▶ _What you need to do_
Please reproduce, exactly and in full, the lines running from the one that contains "Women's wool scarf and hat" to the end of the entries.

▶ _Given information_

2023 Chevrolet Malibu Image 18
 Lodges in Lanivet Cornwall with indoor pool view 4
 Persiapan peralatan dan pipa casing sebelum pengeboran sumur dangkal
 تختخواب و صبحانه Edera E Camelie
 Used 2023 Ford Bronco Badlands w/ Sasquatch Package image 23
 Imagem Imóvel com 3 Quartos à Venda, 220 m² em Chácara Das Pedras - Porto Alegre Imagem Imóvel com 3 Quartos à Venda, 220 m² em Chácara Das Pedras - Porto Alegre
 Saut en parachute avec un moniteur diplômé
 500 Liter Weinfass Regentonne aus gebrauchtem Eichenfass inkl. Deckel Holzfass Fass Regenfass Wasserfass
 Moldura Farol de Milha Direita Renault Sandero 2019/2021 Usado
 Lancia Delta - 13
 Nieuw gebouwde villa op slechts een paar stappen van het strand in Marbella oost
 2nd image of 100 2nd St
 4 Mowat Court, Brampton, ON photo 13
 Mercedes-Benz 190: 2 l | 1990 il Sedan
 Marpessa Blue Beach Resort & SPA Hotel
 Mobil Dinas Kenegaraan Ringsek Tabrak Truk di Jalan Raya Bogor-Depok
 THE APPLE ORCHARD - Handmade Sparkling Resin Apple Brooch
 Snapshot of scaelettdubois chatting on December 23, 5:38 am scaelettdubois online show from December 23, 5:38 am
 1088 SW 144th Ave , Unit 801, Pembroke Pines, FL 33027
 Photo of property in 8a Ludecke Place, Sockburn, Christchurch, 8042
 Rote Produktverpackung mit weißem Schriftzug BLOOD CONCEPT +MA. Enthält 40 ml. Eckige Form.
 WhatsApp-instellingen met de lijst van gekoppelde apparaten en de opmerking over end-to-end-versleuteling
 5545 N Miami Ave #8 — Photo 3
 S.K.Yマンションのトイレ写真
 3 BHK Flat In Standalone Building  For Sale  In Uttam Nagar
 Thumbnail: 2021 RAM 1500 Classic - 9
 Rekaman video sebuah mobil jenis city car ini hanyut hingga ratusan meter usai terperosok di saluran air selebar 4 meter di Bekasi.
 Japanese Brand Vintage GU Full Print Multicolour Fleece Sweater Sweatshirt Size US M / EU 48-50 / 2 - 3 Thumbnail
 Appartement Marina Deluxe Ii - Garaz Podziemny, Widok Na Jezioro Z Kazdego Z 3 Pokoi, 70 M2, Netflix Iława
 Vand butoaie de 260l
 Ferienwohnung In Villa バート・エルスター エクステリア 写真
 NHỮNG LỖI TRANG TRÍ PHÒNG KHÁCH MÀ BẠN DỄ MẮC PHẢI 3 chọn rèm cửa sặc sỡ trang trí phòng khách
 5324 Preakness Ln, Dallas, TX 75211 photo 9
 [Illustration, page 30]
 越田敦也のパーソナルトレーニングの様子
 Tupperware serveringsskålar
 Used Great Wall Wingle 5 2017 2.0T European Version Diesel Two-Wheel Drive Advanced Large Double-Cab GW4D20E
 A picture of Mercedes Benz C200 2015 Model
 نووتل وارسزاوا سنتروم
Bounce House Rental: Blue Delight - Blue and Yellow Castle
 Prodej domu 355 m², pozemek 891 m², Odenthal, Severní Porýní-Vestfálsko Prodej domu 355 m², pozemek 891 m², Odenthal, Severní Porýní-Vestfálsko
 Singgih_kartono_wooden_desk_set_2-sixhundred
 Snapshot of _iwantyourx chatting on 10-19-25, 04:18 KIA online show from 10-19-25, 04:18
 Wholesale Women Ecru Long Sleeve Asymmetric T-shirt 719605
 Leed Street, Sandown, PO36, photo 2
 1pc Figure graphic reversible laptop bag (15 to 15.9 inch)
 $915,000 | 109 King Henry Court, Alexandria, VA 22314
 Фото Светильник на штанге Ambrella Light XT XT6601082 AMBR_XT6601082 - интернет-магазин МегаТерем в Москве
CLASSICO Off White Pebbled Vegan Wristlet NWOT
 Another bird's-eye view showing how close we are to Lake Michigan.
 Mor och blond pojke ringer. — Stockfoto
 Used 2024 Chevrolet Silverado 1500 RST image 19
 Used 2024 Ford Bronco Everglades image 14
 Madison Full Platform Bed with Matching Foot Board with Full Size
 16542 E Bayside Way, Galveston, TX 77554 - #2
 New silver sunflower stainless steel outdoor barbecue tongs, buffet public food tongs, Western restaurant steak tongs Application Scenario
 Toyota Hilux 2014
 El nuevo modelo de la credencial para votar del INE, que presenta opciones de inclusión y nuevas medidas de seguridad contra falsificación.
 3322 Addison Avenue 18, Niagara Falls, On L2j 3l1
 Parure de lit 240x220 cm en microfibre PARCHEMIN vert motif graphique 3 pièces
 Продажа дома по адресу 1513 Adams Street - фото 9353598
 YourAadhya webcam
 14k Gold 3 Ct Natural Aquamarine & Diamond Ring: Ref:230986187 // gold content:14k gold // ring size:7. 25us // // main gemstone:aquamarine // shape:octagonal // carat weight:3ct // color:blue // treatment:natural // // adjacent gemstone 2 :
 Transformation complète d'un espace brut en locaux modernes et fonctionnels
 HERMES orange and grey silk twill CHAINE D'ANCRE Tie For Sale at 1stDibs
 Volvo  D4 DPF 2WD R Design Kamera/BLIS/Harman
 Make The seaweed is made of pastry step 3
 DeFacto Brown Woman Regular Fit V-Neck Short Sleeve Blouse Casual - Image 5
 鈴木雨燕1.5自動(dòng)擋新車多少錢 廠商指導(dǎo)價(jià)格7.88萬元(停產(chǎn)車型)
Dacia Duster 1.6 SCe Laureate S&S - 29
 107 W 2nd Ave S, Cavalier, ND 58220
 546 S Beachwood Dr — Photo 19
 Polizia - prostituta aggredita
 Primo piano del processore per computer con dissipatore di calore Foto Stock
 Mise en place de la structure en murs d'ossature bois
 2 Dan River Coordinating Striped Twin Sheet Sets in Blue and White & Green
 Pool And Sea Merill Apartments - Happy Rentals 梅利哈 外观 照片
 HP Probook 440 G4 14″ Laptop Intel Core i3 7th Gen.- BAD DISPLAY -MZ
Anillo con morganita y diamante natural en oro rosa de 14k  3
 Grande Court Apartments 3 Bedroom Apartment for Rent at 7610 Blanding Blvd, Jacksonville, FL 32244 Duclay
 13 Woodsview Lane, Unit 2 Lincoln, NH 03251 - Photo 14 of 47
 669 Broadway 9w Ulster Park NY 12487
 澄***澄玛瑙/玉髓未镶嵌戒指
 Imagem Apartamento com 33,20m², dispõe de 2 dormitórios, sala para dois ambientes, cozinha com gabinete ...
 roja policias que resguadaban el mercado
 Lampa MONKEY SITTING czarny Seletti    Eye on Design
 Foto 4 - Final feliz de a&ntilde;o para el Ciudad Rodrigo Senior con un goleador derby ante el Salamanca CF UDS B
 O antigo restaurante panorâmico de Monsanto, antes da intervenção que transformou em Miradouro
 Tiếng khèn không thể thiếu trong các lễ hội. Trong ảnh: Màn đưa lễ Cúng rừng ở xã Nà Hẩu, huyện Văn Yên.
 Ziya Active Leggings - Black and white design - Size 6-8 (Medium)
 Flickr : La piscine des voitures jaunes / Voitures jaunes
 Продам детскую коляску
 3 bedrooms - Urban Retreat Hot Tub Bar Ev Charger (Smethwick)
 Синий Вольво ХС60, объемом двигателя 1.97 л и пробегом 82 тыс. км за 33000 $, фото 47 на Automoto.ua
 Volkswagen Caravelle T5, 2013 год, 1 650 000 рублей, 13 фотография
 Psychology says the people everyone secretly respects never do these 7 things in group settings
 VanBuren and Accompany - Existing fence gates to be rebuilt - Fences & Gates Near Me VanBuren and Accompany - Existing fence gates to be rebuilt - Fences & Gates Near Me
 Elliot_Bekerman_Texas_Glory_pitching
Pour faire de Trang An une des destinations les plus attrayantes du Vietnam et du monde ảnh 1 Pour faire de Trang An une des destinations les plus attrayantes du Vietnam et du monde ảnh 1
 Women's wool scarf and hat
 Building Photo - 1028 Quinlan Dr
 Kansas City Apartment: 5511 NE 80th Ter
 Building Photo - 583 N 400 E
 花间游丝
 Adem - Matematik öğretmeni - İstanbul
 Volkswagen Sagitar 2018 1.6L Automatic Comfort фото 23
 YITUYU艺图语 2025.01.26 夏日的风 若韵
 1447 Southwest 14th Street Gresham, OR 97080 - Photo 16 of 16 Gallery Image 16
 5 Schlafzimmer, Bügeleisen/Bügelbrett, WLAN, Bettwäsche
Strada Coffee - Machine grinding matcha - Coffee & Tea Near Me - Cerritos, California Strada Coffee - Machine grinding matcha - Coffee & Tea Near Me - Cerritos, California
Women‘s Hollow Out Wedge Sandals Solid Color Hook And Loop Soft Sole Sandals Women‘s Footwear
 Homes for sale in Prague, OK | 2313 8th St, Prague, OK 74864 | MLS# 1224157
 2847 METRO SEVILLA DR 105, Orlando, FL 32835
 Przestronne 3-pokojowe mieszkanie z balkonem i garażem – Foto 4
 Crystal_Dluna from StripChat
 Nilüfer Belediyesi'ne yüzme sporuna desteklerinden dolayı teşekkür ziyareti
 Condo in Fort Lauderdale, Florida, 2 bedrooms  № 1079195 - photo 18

▶ _Exercise answer_
 Women's wool scarf and hat
 Building Photo - 1028 Quinlan Dr
 Kansas City Apartment: 5511 NE 80th Ter
 Building Photo - 583 N 400 E
 花间游丝
 Adem - Matematik öğretmeni - İstanbul
 Volkswagen Sagitar 2018 1.6L Automatic Comfort фото 23
 YITUYU艺图语 2025.01.26 夏日的风 若韵
 1447 Southwest 14th Street Gresham, OR 97080 - Photo 16 of 16 Gallery Image 16
 5 Schlafzimmer, Bügeleisen/Bügelbrett, WLAN, Bettwäsche
Strada Coffee - Machine grinding matcha - Coffee & Tea Near Me - Cerritos, California Strada Coffee - Machine grinding matcha - Coffee & Tea Near Me - Cerritos, California
Women‘s Hollow Out Wedge Sandals Solid Color Hook And Loop Soft Sole Sandals Women‘s Footwear
 Homes for sale in Prague, OK | 2313 8th St, Prague, OK 74864 | MLS# 1224157
 2847 METRO SEVILLA DR 105, Orlando, FL 32835
 Przestronne 3-pokojowe mieszkanie z balkonem i garażem – Foto 4
 Crystal_Dluna from StripChat
 Nilüfer Belediyesi'ne yüzme sporuna desteklerinden dolayı teşekkür ziyareti
 Condo in Fort Lauderdale, Florida, 2 bedrooms  № 1079195 - photo 18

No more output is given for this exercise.